I've been hacking in M4 recently, and I ran across a great article about M4 by Michael Breen. I highly recommend it for anyone either using M4 (e.g. for Autotools or for Bison), or considering M4 for a new project (probably a bad idea). This observation caught my eye:
While m4's textual rescanning approach is conceptually elegant, it can be confusing in practice and demands careful attention to layers of nested quotes.
Christman Brown writes something similar, in his review of M4:
It is difficult to debug. I quickly found my default behavior when encountering something unexpected is to just increase the escape quotes around something. That often fixed it.

What's going on, here? A macro language is supposed to let you write normal text and then sprinkle some macro expansions here and there. It's supposed to save you from the tedium of dealing with a full-fledged general purpose programming language. Also, sometimes this strategy works out. With the C preprocessor, you write ordinary C code most of the time, and it works totally fine to occassionally call a macro. Why does this approach work in C but not in M4?

I think Michael Breen is onto something. Macros are a form of subroutine, and with a well designed syntax for subroutine call, you want it to be straightforward and thoughtless to invoke a subroutine and pass it some arguments. You want the arguments to feel just like text in any other part of your system. Think how it feels to write HTML and to put a div around part of your page. You don't have to do any special encoding to the stuff you put inside the div; you can, any time you want, take any chunk of your code with balanced tags and put that inside another pair of tags. With M4, the basic facility of a subroutine call, which you use all over the place, is somehow tricky to use.

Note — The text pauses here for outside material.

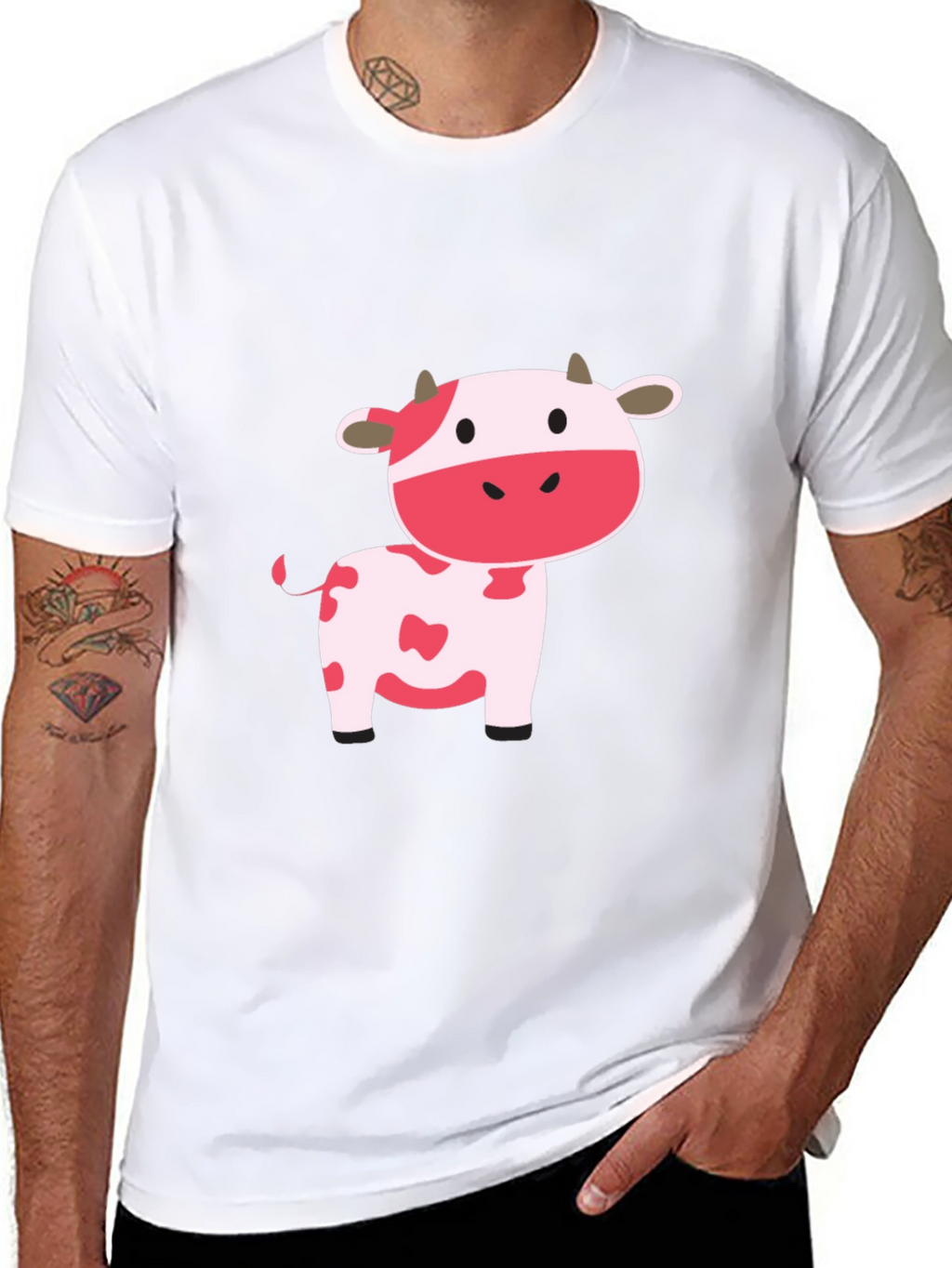 Strawberry Cow Graphic Tee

M4 is not wrong to have a quoting mechanism, but where it goes wrong is to require quoting on the majority of subroutine calls. Here's what that looks like in practice. M4 uses function-call syntax to invoke macros, so a call looks like foo(a, b, c). That's a great syntax to try, because function calls are a ubiquitious syntax that users will recognize, but it has a problem for a text macro language in that the comma is already a common character to use in the a, b, and c arguments. Having observed that, M4 could and should have moved away from the function call notation and looked for something else. Instead, the designers stuck with the function calls and augmented it with an additional kind of syntax, quotation. In practice, you usually quote all of your arguments when you pass them to an M4 macro, like this: foo([a], [b], [c]). Only usually, however, and you have to think about it every time. The quotation and the macro call are two different kinds of syntax, and the user has to control them individually.

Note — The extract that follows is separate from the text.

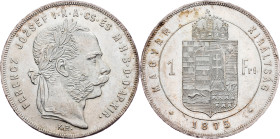 Franz Joseph I., 1 Forint 1875, KB, Kremnitz Franz Joseph I., 1 Forint 1875, KB, Kremnitz, Fruh. 1779|mint luster, rare in this grade; aUNC

Grade: ...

The reason it works out better for C's preprocessor is that the C language already has a way to quote any commas that occur in the arguments, and the preprocessor understands those quoting mechanisms. For example, with sqrt(foo(x, y)), the preprocessor understands that the comma inside the (x, y) part should not count as separating the parameters to sqrt. Programmers already write those parentheses without thinking about it, because the function-call notation for foo(x, y) already requires parentheses. Unfortunately, C does not do the right thing for an example like swap(a[i,j], a[i,j+1]), because it does not treat square brackets the way it treats parenthesis. It could and it should, however. None of this maps over to M4 very well, because usually the arguments to an M4 macro are not code, and so the author isn't going to naturally escape any commas that occur. The function-call syntax just doesn't work well for the situation M4 is intended to be used in.

Fixing the local problem

If we wanted to write a next-generation M4, here are some observations to start from:

  • It is better if the quoting syntax is built into the subroutine call syntax. That way, users don't have to independently reason about both calls and quotes, and instead can just think about call-and-quote as a single thing that they do.
  • Look to markup languages for inspiration, for example XML or Latex. The general feel we are going for is that you mostly write text, and then occasionally you sprinkle in some macro calls. That's a markup language!

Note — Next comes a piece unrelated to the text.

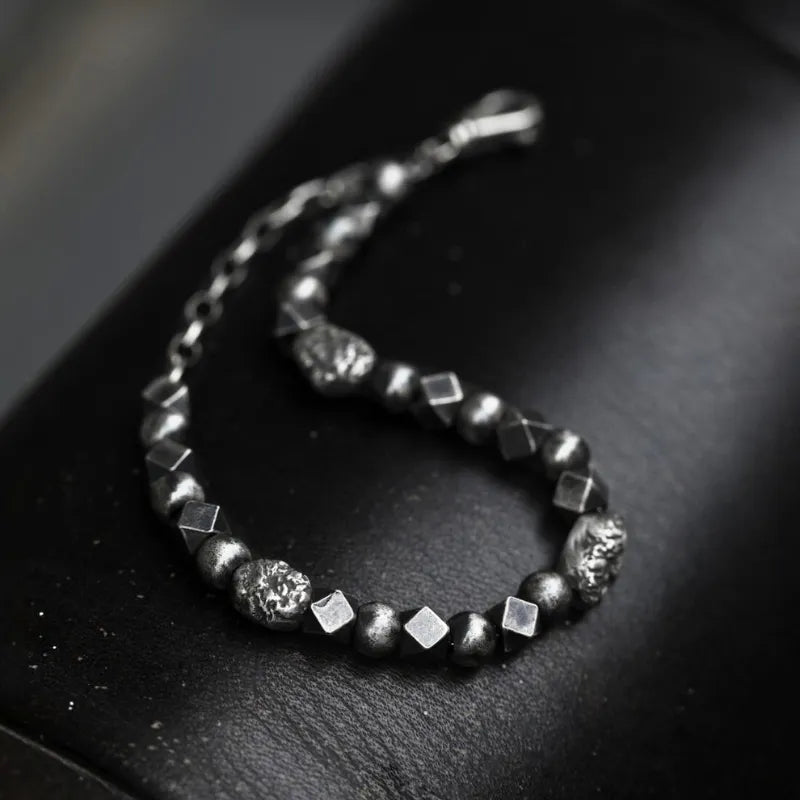 Taoist “碎银几两” Bracelet - Attract and Retain Wealth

Based on these, a good thing to try for an M4-like system would be to use XML tags for macro invocation. XML is a culmination of a line of tag-based markup languages starting with SGML and HTML, and it is generally state of the art for that kind of language. Among other advantages, XML is a small, minimal language that you can learn quickly, and it has explicit syntax for self-closing tags rather than some tags being self-closing and others not, in a context-dependent way depending on the schema that is currently in effect for a given file.

Latex's macro syntax is also very interesting, and it has a big advantage in usually saying each tag name just once (\section{foo}) rather than twice (<section>foo</section>). However, my experience with Latex is that I am in constant doubt how much lookahead text a macro invocation will really look at; the braces-based syntax is just a convention, and you never know for sure which macros really look at those conventions or not. That said, the general syntax looks like a promising idea to me if it were locked down a little more rather than being based on the Tex macro language. A similar approach was used in Scribe, a markup language designed by Brian Reid in the 70s.

What to use for now

As things stand, I don't think M4 really has a sweet spot. Old projects that want to have an ongoing roadmap should probably move away from M4. New projects should never use it to begin with. What are the options right now, without having to build a new textual macro language?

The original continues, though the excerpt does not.